Write out exactly the lines of the entries below from the one holding "Disney Raya and" to the one holding "Terreno en venta", inclusive, and leave out all other lines.

[Data items]
◇ ◇ ◇

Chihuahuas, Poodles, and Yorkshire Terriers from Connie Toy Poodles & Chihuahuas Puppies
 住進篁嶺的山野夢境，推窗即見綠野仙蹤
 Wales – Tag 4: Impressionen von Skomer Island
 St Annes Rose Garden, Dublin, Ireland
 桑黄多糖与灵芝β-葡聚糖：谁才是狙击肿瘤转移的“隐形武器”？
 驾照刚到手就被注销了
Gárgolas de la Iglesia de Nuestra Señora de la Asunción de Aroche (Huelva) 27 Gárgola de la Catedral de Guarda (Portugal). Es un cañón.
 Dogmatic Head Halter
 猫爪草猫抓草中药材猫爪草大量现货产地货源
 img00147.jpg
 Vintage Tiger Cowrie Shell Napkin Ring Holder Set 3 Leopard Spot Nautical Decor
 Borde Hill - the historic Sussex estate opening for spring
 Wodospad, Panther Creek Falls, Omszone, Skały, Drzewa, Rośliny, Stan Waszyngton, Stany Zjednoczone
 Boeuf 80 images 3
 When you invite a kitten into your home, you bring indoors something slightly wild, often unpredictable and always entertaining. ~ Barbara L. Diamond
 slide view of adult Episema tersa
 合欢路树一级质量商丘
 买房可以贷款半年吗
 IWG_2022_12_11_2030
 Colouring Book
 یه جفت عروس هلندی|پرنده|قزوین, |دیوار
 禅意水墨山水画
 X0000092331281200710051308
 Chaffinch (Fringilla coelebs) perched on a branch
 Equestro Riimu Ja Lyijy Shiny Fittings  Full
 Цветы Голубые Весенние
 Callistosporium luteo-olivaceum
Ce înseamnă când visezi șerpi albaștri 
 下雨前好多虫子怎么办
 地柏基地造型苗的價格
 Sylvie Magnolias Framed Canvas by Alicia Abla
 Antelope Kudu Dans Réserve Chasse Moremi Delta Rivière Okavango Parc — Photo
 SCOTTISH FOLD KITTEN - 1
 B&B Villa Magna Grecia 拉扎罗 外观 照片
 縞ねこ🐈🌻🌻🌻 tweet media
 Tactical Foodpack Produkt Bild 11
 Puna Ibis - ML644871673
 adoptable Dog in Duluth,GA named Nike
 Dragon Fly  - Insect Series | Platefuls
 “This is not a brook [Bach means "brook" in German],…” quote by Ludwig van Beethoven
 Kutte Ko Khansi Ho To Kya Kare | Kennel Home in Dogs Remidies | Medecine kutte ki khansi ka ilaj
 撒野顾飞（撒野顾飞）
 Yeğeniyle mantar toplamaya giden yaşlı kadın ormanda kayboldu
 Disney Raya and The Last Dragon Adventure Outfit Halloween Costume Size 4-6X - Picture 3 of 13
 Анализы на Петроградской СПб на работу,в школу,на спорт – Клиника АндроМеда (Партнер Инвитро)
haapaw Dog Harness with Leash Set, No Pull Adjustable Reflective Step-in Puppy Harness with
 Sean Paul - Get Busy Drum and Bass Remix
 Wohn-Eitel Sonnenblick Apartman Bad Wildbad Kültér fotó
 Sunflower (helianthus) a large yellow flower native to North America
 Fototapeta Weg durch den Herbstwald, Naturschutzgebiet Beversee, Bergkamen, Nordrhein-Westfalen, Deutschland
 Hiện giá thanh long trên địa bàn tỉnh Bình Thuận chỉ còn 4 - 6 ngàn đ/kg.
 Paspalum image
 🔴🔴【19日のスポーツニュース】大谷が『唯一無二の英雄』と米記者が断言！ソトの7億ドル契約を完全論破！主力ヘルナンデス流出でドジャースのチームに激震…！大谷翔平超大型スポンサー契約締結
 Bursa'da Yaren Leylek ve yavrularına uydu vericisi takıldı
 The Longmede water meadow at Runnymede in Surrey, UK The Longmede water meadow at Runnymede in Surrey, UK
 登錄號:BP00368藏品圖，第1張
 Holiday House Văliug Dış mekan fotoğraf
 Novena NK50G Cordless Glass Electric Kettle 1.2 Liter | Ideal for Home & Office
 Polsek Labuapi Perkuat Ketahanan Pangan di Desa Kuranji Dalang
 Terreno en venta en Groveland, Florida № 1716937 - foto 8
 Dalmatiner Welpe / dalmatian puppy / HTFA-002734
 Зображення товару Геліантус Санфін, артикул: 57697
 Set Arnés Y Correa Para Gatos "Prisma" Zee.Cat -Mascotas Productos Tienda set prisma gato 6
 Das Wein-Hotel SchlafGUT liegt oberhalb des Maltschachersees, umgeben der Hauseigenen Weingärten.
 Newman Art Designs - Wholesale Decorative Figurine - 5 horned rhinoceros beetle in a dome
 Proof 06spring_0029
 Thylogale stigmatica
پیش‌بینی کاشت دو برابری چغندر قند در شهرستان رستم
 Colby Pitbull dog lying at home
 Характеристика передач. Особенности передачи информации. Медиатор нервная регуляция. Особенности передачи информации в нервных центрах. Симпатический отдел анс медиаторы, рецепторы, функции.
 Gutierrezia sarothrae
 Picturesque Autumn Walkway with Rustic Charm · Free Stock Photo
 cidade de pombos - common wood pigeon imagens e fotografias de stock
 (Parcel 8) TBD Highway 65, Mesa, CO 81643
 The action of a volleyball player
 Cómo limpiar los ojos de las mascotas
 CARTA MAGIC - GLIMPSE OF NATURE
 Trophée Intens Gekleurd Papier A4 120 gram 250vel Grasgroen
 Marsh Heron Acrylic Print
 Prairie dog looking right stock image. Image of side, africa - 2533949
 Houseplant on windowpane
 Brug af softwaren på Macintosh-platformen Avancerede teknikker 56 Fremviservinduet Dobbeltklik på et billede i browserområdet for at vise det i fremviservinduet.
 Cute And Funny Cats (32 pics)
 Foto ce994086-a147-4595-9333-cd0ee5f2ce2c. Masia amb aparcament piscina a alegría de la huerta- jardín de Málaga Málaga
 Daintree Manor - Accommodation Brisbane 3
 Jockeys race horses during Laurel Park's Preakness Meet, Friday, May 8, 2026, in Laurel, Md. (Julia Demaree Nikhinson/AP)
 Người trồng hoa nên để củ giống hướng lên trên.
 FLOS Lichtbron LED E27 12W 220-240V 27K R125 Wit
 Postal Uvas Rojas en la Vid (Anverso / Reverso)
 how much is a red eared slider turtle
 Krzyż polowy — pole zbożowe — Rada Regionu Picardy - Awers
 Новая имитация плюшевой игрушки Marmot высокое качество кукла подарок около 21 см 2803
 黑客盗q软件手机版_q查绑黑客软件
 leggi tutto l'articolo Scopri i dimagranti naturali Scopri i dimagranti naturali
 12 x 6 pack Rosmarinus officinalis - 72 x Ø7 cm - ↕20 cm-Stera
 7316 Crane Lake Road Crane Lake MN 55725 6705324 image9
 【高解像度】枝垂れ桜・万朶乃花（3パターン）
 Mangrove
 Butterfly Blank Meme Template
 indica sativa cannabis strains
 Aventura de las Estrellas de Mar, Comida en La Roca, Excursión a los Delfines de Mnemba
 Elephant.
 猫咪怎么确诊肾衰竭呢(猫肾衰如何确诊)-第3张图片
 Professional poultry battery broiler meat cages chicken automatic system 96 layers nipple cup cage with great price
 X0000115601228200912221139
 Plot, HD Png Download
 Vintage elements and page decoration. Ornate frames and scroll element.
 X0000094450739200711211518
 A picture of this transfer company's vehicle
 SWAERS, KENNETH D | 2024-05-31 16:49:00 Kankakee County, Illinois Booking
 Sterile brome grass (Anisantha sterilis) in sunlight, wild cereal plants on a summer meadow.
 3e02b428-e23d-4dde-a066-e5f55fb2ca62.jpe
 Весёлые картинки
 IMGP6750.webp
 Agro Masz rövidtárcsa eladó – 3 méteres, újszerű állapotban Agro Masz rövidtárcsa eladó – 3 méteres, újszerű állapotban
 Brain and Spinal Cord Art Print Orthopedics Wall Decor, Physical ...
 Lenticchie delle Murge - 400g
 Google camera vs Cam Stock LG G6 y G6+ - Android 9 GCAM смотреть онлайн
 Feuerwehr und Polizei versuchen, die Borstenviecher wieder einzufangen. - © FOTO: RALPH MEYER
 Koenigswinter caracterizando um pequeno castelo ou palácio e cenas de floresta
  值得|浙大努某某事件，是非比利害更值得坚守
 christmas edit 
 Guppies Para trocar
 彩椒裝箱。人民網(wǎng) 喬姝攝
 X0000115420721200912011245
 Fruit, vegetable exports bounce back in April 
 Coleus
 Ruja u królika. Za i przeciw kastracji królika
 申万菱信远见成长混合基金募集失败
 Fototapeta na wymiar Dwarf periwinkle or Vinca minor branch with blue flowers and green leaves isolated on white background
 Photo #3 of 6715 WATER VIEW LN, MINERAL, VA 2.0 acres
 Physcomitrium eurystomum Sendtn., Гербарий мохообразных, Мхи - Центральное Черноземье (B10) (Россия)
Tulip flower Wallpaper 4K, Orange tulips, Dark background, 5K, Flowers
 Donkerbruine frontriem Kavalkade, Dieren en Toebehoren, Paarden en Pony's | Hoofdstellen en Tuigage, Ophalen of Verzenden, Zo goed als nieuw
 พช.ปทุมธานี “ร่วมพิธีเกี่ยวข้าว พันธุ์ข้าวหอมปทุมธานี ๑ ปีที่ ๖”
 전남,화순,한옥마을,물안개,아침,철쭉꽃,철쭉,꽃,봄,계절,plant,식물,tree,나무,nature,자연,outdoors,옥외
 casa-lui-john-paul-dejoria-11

◇ ◇ ◇

■ **REPLY**:
 Disney Raya and The Last Dragon Adventure Outfit Halloween Costume Size 4-6X - Picture 3 of 13
 Анализы на Петроградской СПб на работу,в школу,на спорт – Клиника АндроМеда (Партнер Инвитро)
haapaw Dog Harness with Leash Set, No Pull Adjustable Reflective Step-in Puppy Harness with
 Sean Paul - Get Busy Drum and Bass Remix
 Wohn-Eitel Sonnenblick Apartman Bad Wildbad Kültér fotó
 Sunflower (helianthus) a large yellow flower native to North America
 Fototapeta Weg durch den Herbstwald, Naturschutzgebiet Beversee, Bergkamen, Nordrhein-Westfalen, Deutschland
 Hiện giá thanh long trên địa bàn tỉnh Bình Thuận chỉ còn 4 - 6 ngàn đ/kg.
 Paspalum image
 🔴🔴【19日のスポーツニュース】大谷が『唯一無二の英雄』と米記者が断言！ソトの7億ドル契約を完全論破！主力ヘルナンデス流出でドジャースのチームに激震…！大谷翔平超大型スポンサー契約締結
 Bursa'da Yaren Leylek ve yavrularına uydu vericisi takıldı
 The Longmede water meadow at Runnymede in Surrey, UK The Longmede water meadow at Runnymede in Surrey, UK
 登錄號:BP00368藏品圖，第1張
 Holiday House Văliug Dış mekan fotoğraf
 Novena NK50G Cordless Glass Electric Kettle 1.2 Liter | Ideal for Home & Office
 Polsek Labuapi Perkuat Ketahanan Pangan di Desa Kuranji Dalang
 Terreno en venta en Groveland, Florida № 1716937 - foto 8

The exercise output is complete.